WORK ITEM:
Wherever an image appears in the data, omit it and copy all the remaining text word for word.

RECORD EXTRACTS:
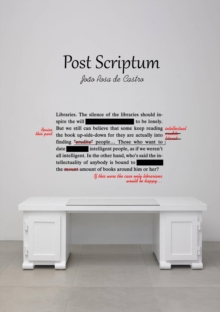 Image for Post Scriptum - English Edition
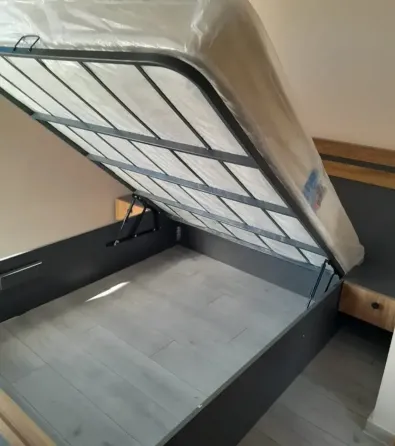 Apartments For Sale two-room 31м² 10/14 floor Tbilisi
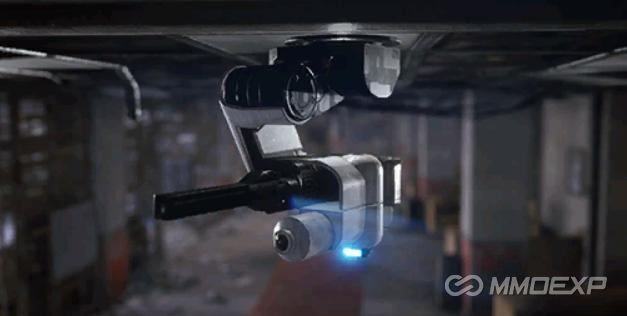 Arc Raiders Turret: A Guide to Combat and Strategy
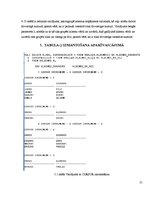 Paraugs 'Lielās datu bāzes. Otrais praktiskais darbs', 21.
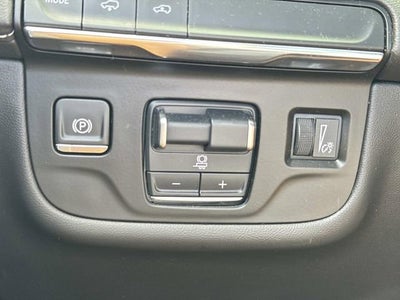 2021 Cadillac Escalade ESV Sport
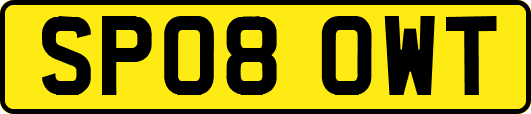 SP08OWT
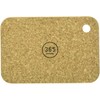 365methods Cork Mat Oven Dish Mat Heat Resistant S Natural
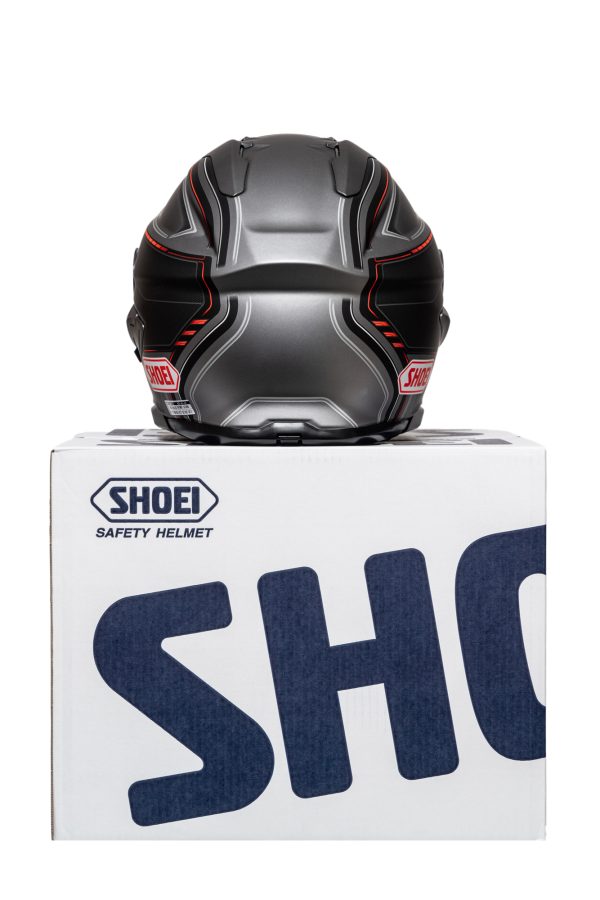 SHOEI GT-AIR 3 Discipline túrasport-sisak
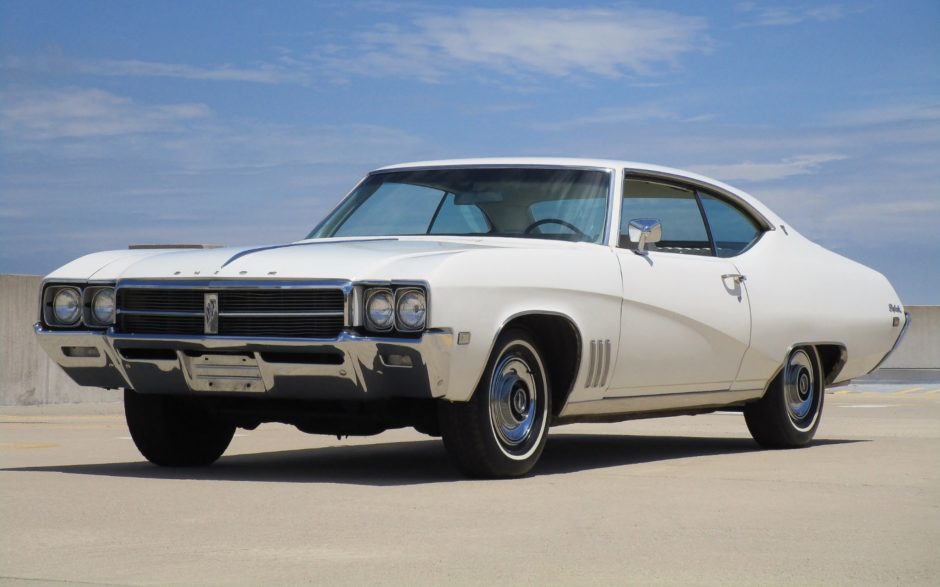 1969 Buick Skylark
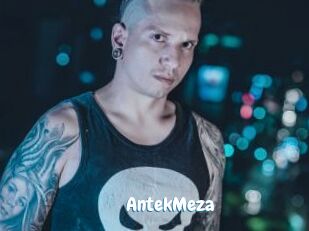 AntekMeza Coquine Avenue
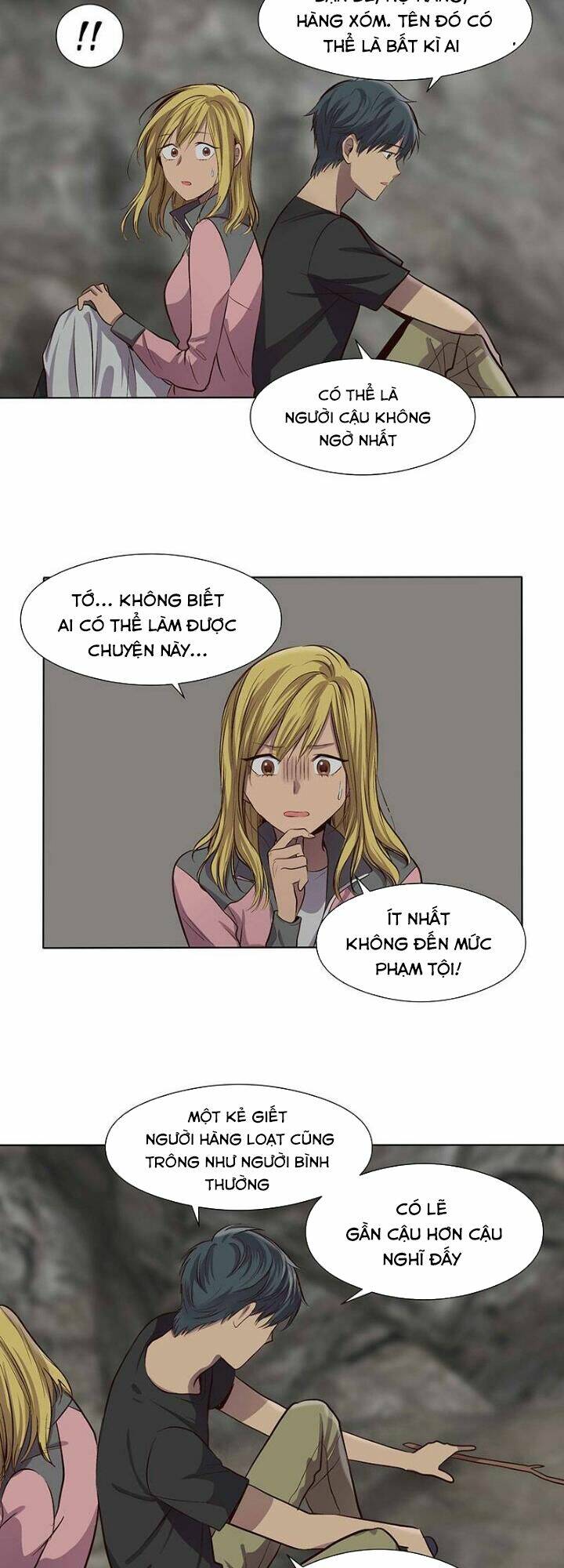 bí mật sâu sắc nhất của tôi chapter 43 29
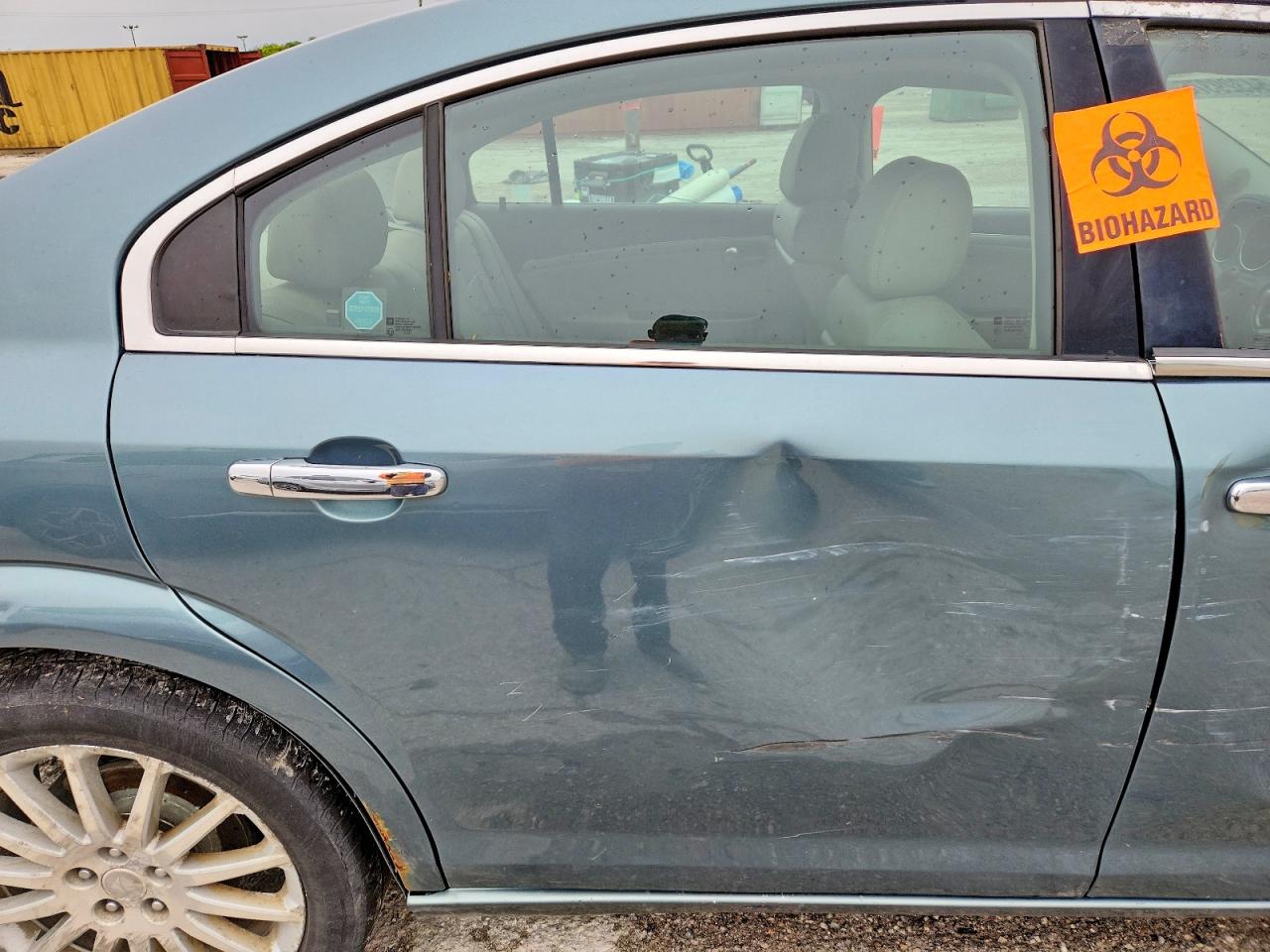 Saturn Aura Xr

EXPECTED OUTPUT:
 Image for Post Scriptum - English Edition
 Apartments For Sale two-room 31м² 10/14 floor Tbilisi
 Arc Raiders Turret: A Guide to Combat and Strategy
 Paraugs 'Lielās datu bāzes. Otrais praktiskais darbs', 21.
 2021 Cadillac Escalade ESV Sport
 SP08OWT
 365methods Cork Mat Oven Dish Mat Heat Resistant S Natural
 SHOEI GT-AIR 3 Discipline túrasport-sisak
 1969 Buick Skylark
 AntekMeza Coquine Avenue
 bí mật sâu sắc nhất của tôi chapter 43 29
 Saturn Aura Xr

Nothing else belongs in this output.